Kismet, the Company and Pubco urge investors, shareholders and other interested persons to read the Registration Statement, including
the preliminary Proxy Statement/Prospectus, and amendments thereto, and the definitive Proxy Statement/Prospectus when it becomes available,
as well as other documents filed with the SEC, because these documents contain or will contain important information about Kismet, the
Company, Pubco and the Transactions. The definitive Proxy Statement/Prospectus will be mailed to Kismet’s shareholders as of a record
date to be established for voting on the Transactions. Kismet’s shareholders may obtain a copy of such documents, without charge,
by directing a request to: Kismet Acquisition One Corp., 850 Library Avenue, Suite 204, Newark, Delaware 19715. These documents can also
be obtained, without charge, at the SEC’s web site (http://www.sec.gov).

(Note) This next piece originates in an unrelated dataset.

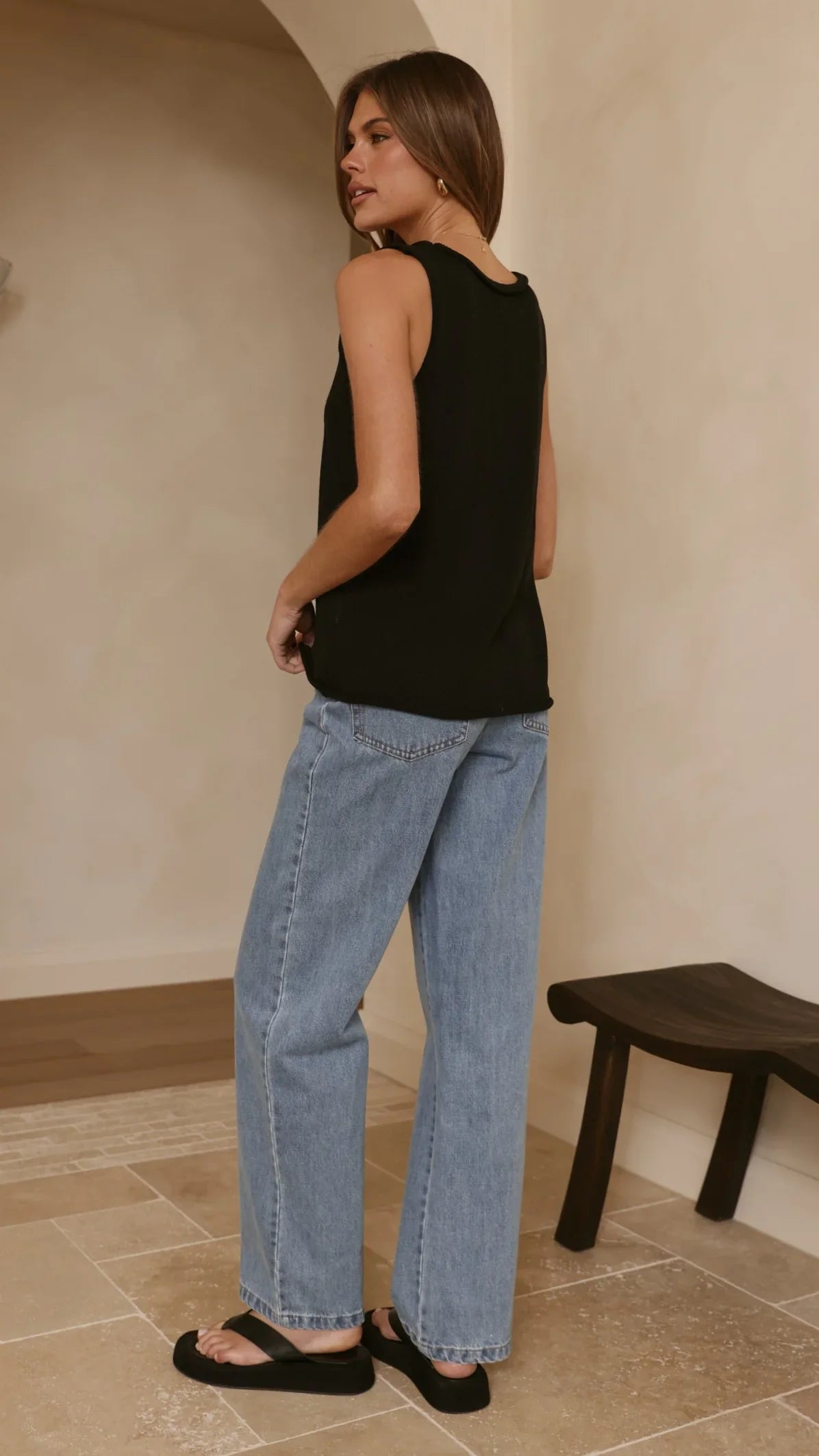 Annie Scoop Neck Tank Black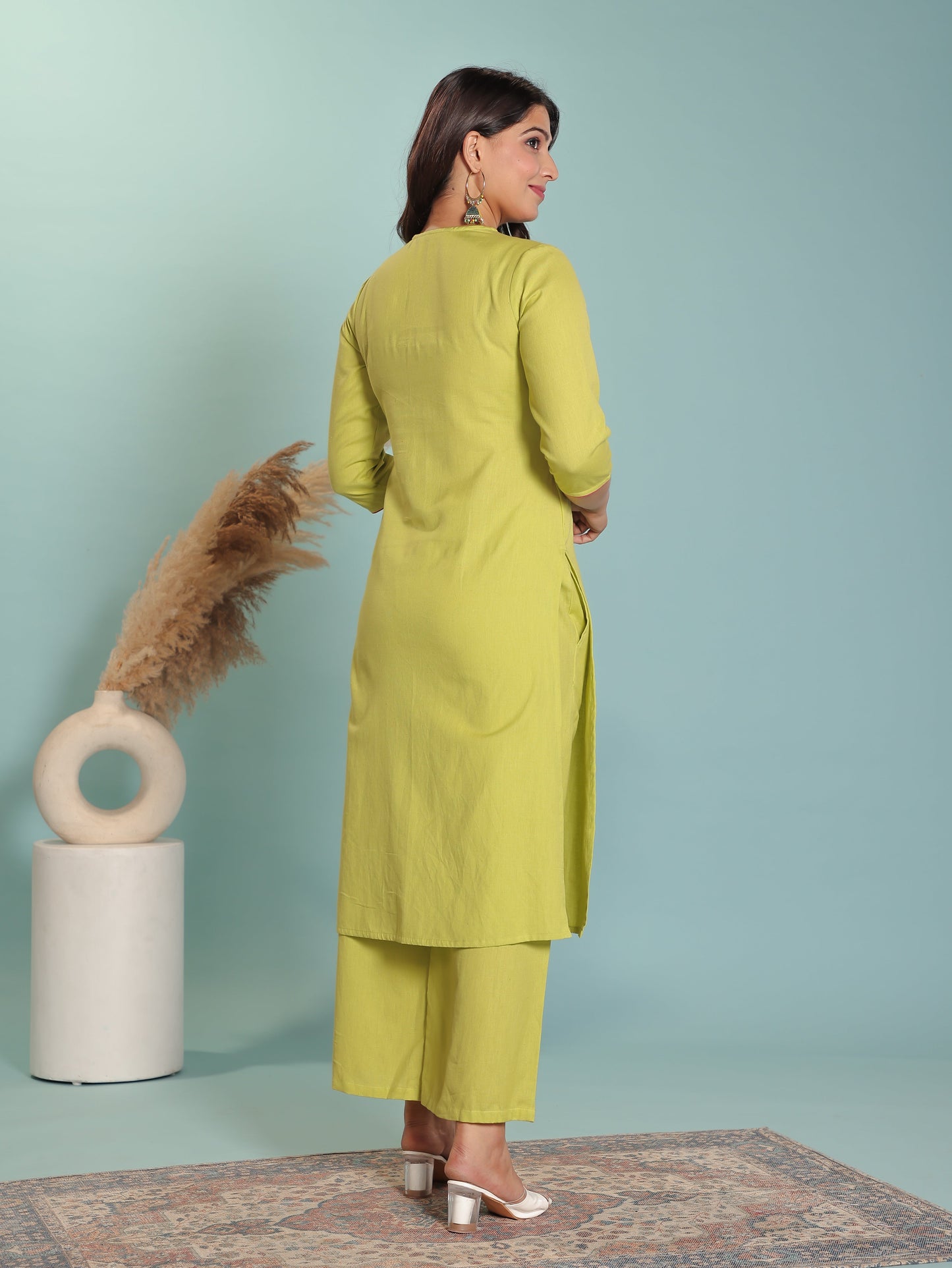 Embroidered Linen Cotton Solid A-line Lime Green Kurta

Participants in Solicitation
Kismet, the Company, Pubco and their respective
directors, executive officers and other members of their management and employees, under SEC rules, may be deemed to be participants in
the solicitation of proxies of Kismet’s shareholders in connection with the Transactions. Investors and security holders may obtain
more detailed information regarding the names, affiliations and interests of Kismet’s directors and executive officers in the final
prospectus from Kismet’s initial public offering, which was filed with the SEC on August 7, 2020. Information regarding the persons
who may, under SEC rules, be deemed participants in the solicitation of proxies of Kismet’s shareholders in connection with the
Transactions will be set forth in the Proxy Statement/Prospectus for the Transactions when available. Information concerning the interests
of Kismet’s and the Company’s participants in the solicitation, which may, in some cases, be different than those of Kismet’s
and the Company’s equity holders generally, will be set forth in the Proxy Statement/Prospectus relating to the Transactions when
it becomes available.
Non-Solicitation
This Current Report on Form 8-K is not a proxy
statement or solicitation of a proxy, consent or authorization with respect to any securities or in respect of the Transactions and shall
not constitute an offer to sell or a solicitation of an offer to buy the securities of Kismet, Pubco or the Company, nor shall there be
any sale of any such securities in any state or jurisdiction in which such offer, solicitation, or sale would be unlawful prior to registration
or qualification under the securities laws of such state or jurisdiction. No offer of securities shall be made except by means of a prospectus
meeting the requirements of Section 10 of the Securities Act.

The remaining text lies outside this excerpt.